In other words, in a structural design that can typically be performed when the two windows are physically the same window, the fracture element 6 is an electromagnetic wave, which is the same as the spectrophotometric test performed through it. Reach the liquid specimen portion through the window. The electromagnetic wave is preferably a laser beam emitted by the breaking element 6, and even more preferably a laser beam having a wavelength of about 530 nm. This is because the energy of the laser beam can be easily adjusted and the beam can be easily steered and accurately directed. From the experience gained, an incident laser beam with a wavelength of about 530 nm is particularly preferred for cell object destruction.

According to a particularly preferred embodiment, the spectrophotometer 7 is a Raman spectrometer. This is because Raman spectrometers can be easily adapted to operation in microfluidic devices in terms of both dimensions and their energy requirements, regardless of the fracture steps detailed above. In addition, it can record the spectrum at a resolution corresponding to the object of the present invention. Another advantage is that Raman spectroscopy tests do not damage cell objects, so the same sample can be measured on multiple occasions, for example, if one wants to test the effect of a concentration series of test compounds.

According to another even more preferred embodiment, the spectrophotometer 7 is a Raman spectrometer, and the same Raman spectrometer also acts as a fracture element 6. It can control the intensity of the laser light emitted by the Raman spectrometer, which in turn can emit a laser beam that kills the cell object, thus acting as a disruption element 6, and then the cell. It is possible to emit a laser beam capable of recording the Raman spectrum of the cell object without killing it, and thus can also function as a spectrophotometer 7 for non-destructive spectrophotometric steps. In this case, the first window 52a and the second window 52b constitute a single window.

According to another preferred embodiment of the present invention, an element that generates ultrasonic waves may be used as the breaking element 6. It has long been known to those skilled in the art that ultrasound can be used to kill cell objects. In this case, the ultrasonic wave generating head protrudes into the liquid flowing in the microfluidic tube 5 through the first window 52a. Naturally, in this case, the first window 52a and the second window 52b are physically different.

The control computer of the microfluidic device provides a sequence of information about where a drop at a given moment is moving within the microfluidic tube 5. Thus, the computer needs to record what must be done for the liquid specimen portion, ie, with or without disruption, and add test compounds, based on a pre-entered program. It is possible to decide whether or not, which test compound should be added at what concentration, and so on.

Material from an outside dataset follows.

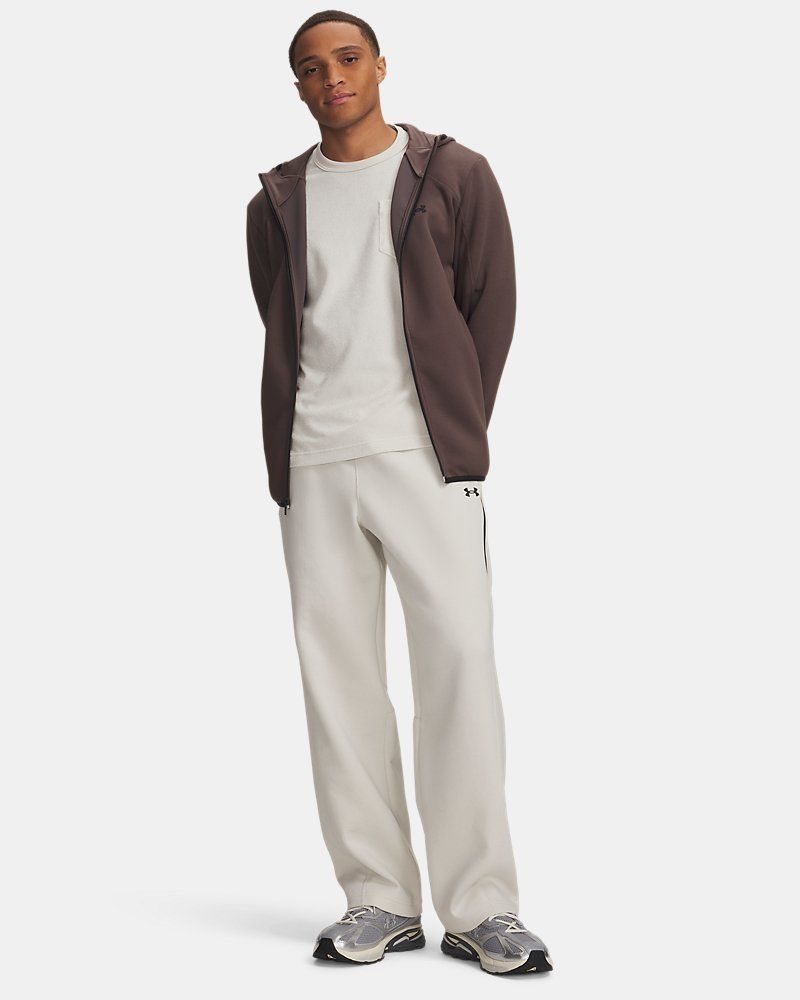 UA Unstoppable Fleece Men's Pants — view 7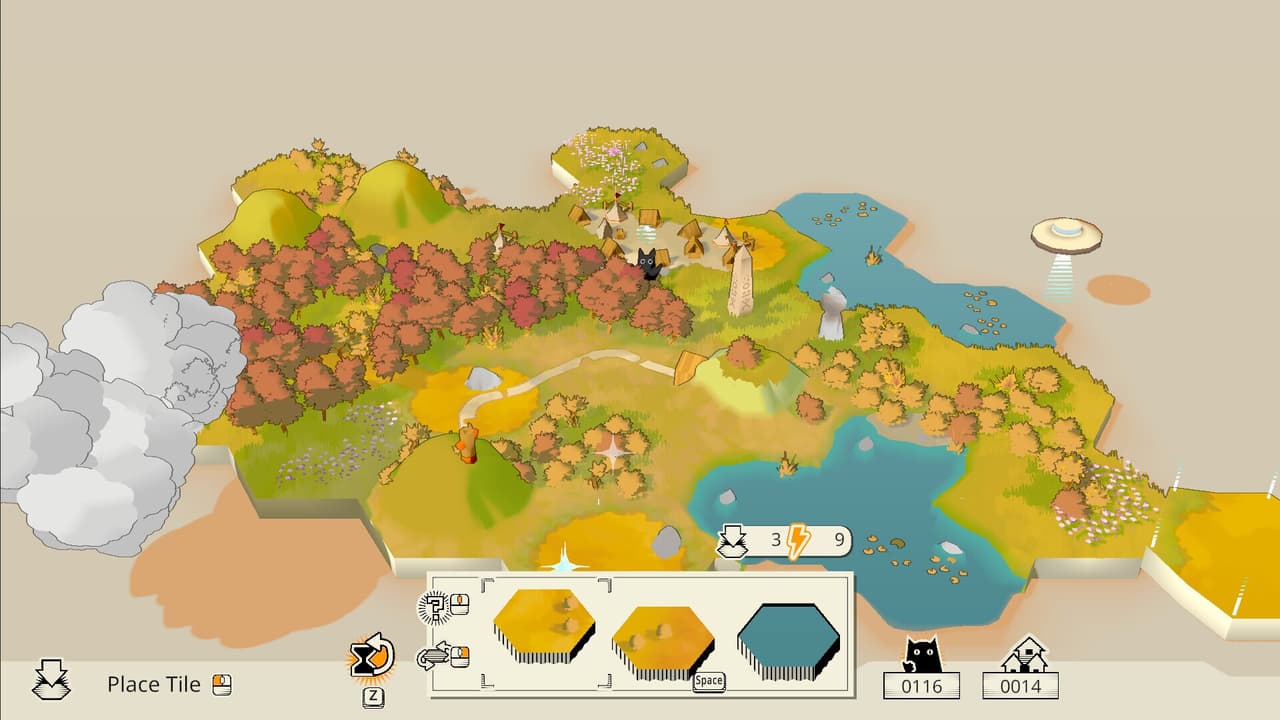 Nekokami - The Human Restoration Project screenshot 2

The microfluidic tube 5 is connected to the second distribution valve 51. The valve directs the liquid specimen portion so that it is directed back to the drop dispenser 4 via the second pump 21 or is taken up by the collector 8.

When the liquid sample portion is picked up by the drop dispenser 4 via the second pump 21, the second pump 21 mixes the test compound solution from the test compound holders 2a, 2b, 2c with the liquid sample portion. In this way, the liquid sample portion in which the concentration of the test compound is increased is returned to the microfluidic tube 5 via the drop dispenser 4, and the spectrophotometric spectrum of the same sample having a higher concentration of the test compound is obtained. It is possible to record with a total of 7. After this, via the distribution valve 51, this liquid sample portion is taken back into the test cycle or taken up by the collector 8.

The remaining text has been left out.